FROM EDITORS「本当に」

萩原健一さんに初めてお目にかかったのは瀬戸内寂聴さんの責任編集の雑誌「the 寂聴」の創刊号での2008年9月だった。待ち合わせの場所は横浜のホテル、約束の時間より2時間も早く、ショーケンは着いていた。しかも部屋に入れないことをホテルの支配人を呼び出して怒っている様子。準備もあり彼に少し遅れて到着した僕は、まさに平身低頭で何度も謝罪した。そしてとばっちりを受けて怒られている支配人にこの場から退散を願い、二人きりにしてもらった。

「本当にごめんなさい」

もう一度大きな声で謝った。まだショーケンは不機嫌な様子で、対談場所の部屋に入れないことをなじるように怒ってきた。瀬戸内さんの到着まではまだ相当な時間がある。僕はロビーではなんだからと言って、ショーケンをラウンジのティーサロンに誘った。

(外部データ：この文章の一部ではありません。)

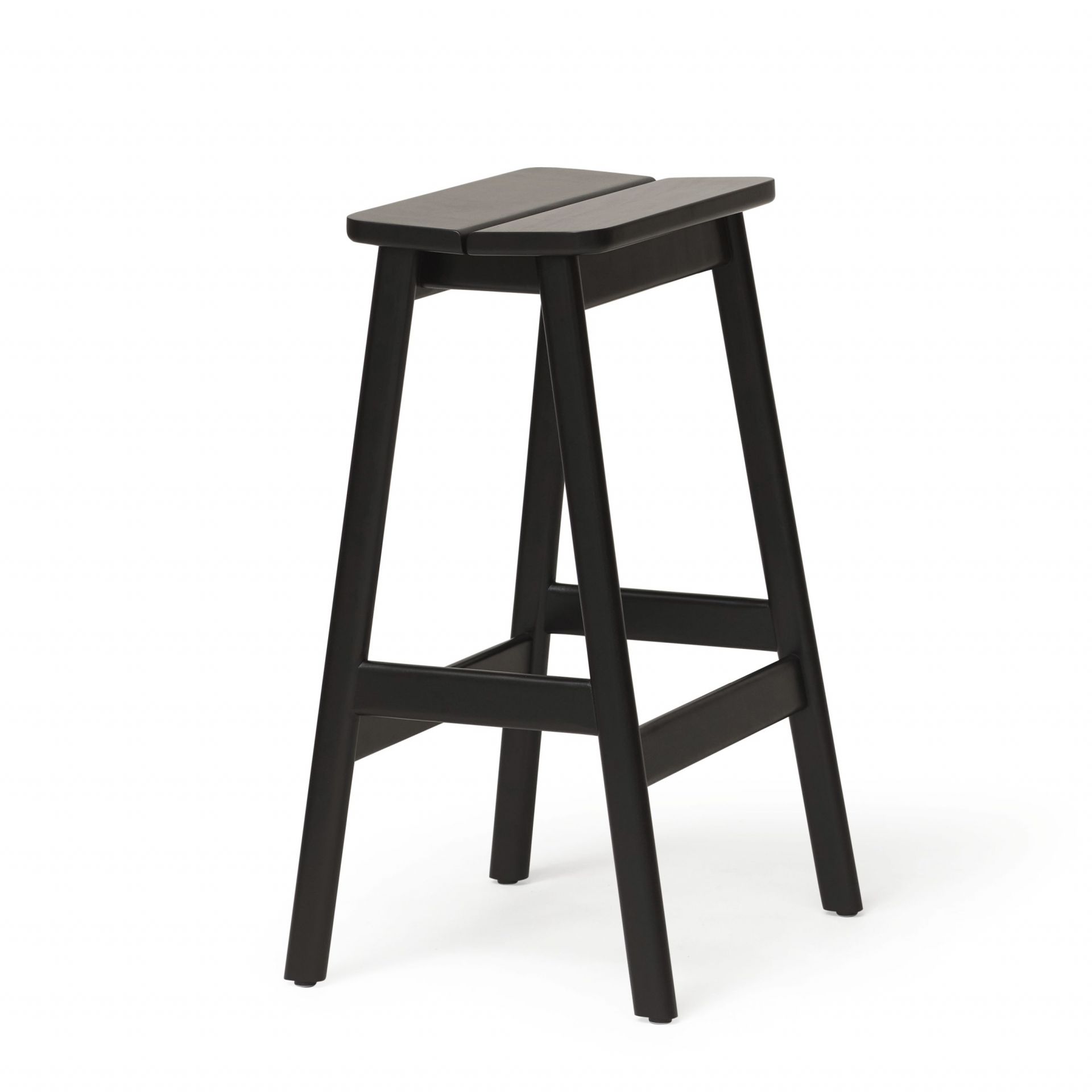 Angle Barhocker von Form & Refine, 65 cm hoch, schwarz gebeizt, aus Holz.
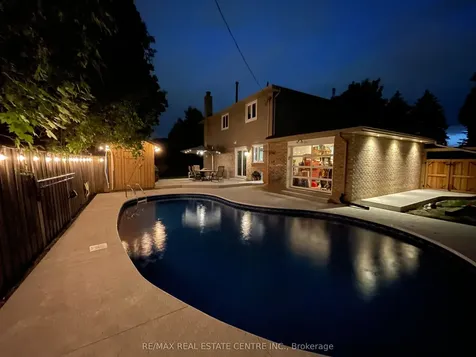 35 Treleaven Drive Brampton ON L6Y 1X7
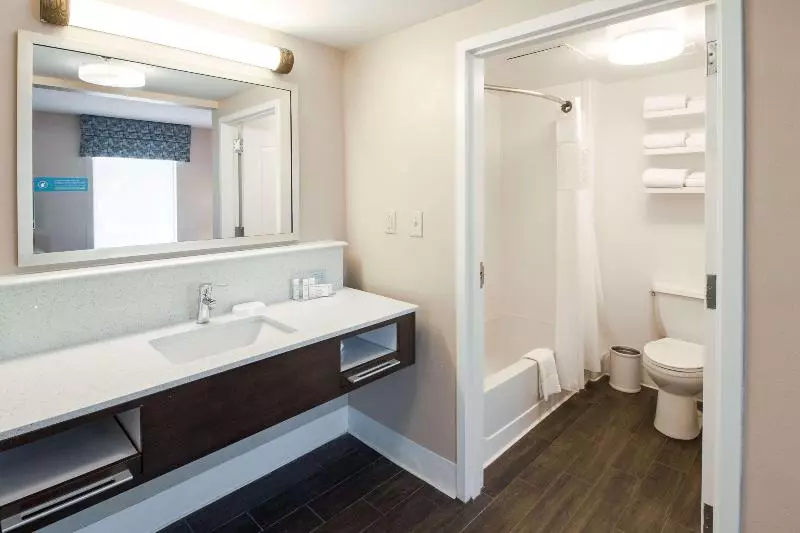 Standard-huone King-vuode, Hampton Inn & Suites Huntsville Hampton Cove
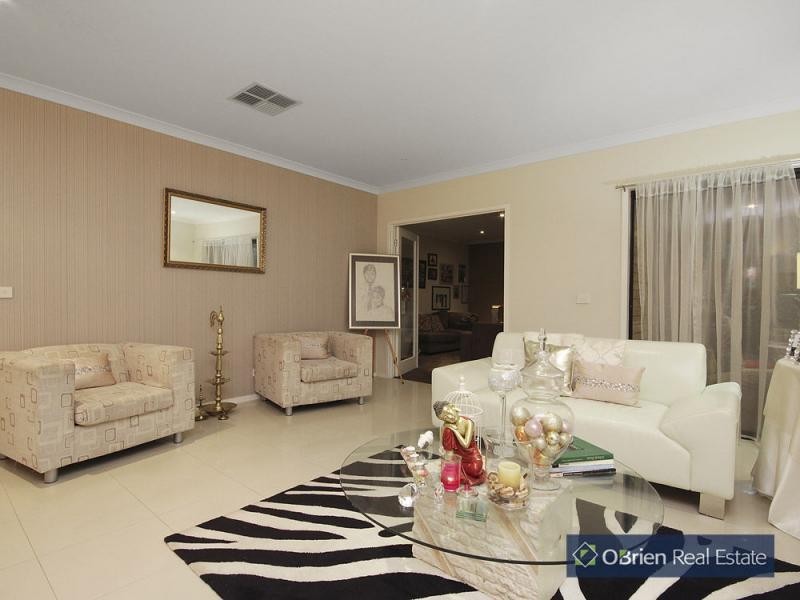 9 Leisurewood Drive, Berwick VIC 3806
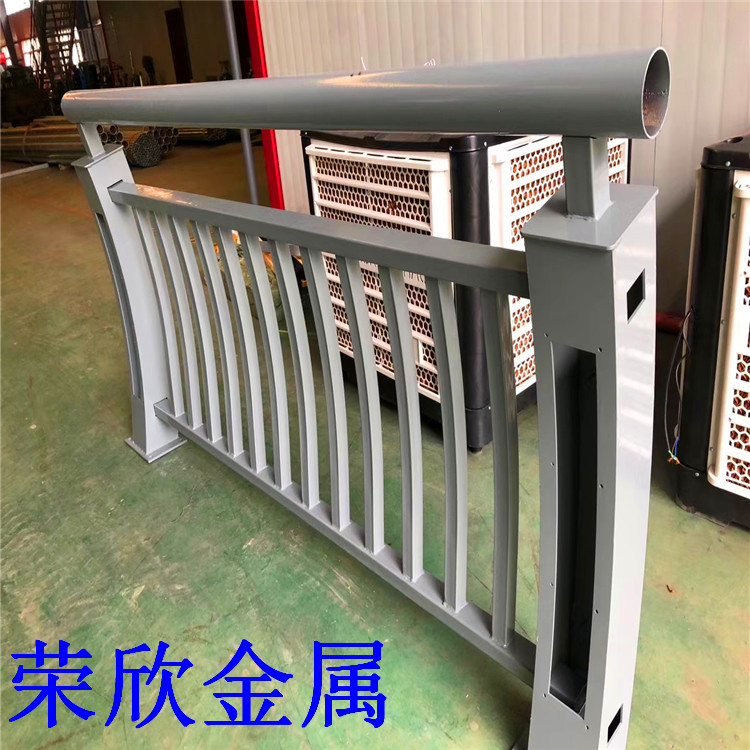 榮欣廠家供應(yīng)橋梁纜索護(hù)欄 不銹鋼纜索護(hù)欄誠信經(jīng)營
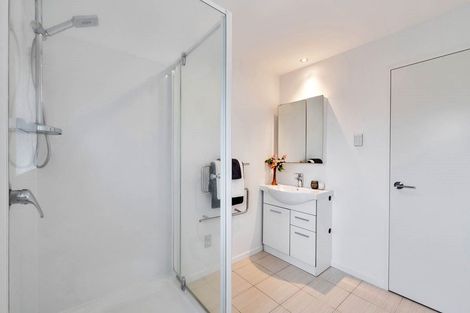 Photo of property in 4 St Catherine Crescent, West Harbour, Auckland, 0618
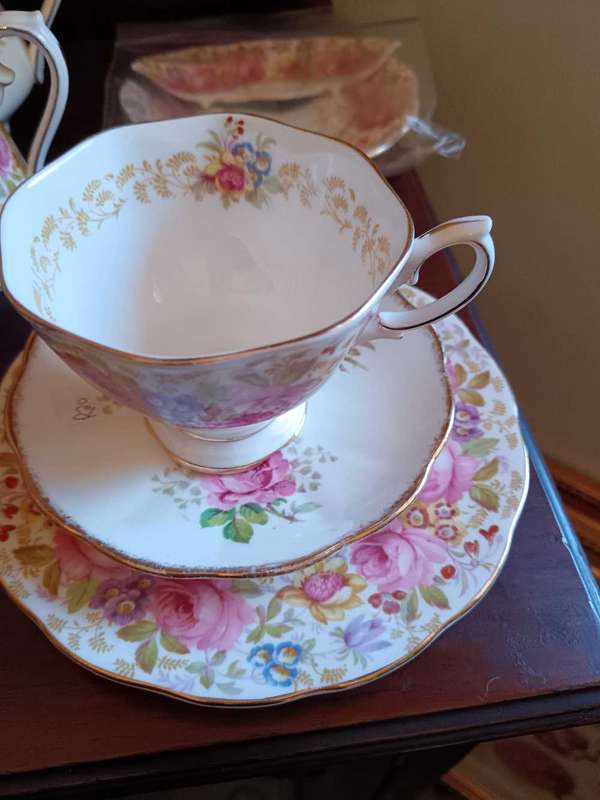 Royal Albert Serena Teaset for Two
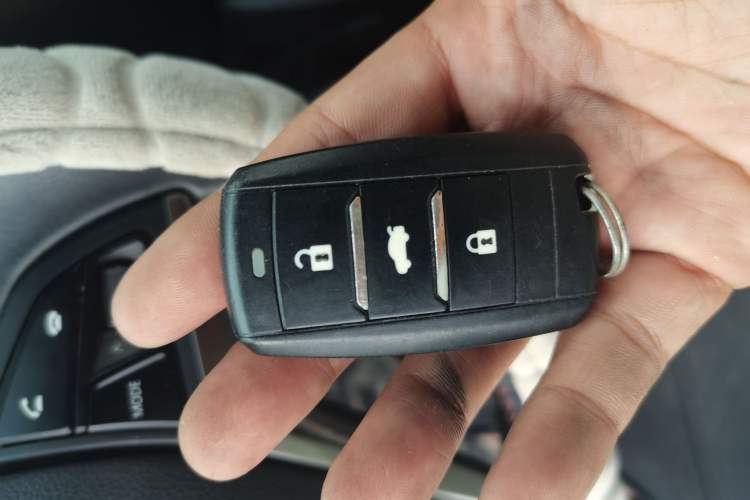 Used CHANGAN CS75 2014 2.0L Manual Leading Model China V Standard Vehicle Key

デジャヴュ! 待ち時間に遅れて来るのはスター、約束の時間より早く来て、しかも不機嫌になるのは大スターであると、かつて実感したことがある。以前俳優勝新太郎さんが撮影時間の2時間前にスタジオにやってきて、まだ準備の途中でスタジオに入れてもらえないことと、写真家が自分よりも遅く来たことに腹を立て、車の中でずっと腕組みをして怒って1時間、写真家がちゃんと謝るまでここから出ないと駄々をこねた。

「本当にごめんなさい」

その時も本当にという言葉を僕は使った。そもそも「本」は「草木の根」というところから出た言葉—— 根元、中心、ものごとの大切な部分、心ある言葉だ。そんなに使っていいのだろうか、などと考える余裕もなかった。

ショーケンも大スターなのだ。なにしろ『太陽にほえろ!』、『前略おふくろ様』のショーケンなのだ。『勝海舟』の岡田以蔵役は天下一品だ。ショーケンは何しろ格好良さを役柄で一番大切にしてきた。瀬戸内さんにお目にかかるにあたり、タケオキクチのスーツを颯爽と決めている。

僕は飲み物を勧めた。

「水でいい」

「でも水だけではなんですから、コーヒーか紅茶は」

「水がいい」

そうショーケンは言い切った。やや甲高い声が響く。「愚か者よ」の歌のようなキーだ。話を変えて企画の相談に移った。

「今日は瀬戸内さんを横浜の街にエスコートしてください」

「え?」

「ただ一緒にいるだけでいい、本当の男、不良、瀬戸内さんのショーケン像で行ってください」

ショーケンは口を真一文字にして、少し微笑んだ。

ショーケンはもう一度水谷豊さんと『傷だらけの天使』をしたいという構想をつらつらと一方的にまくしたてた。振り向くとまだ彼方に瀬戸内寂聴さんの姿はなかった。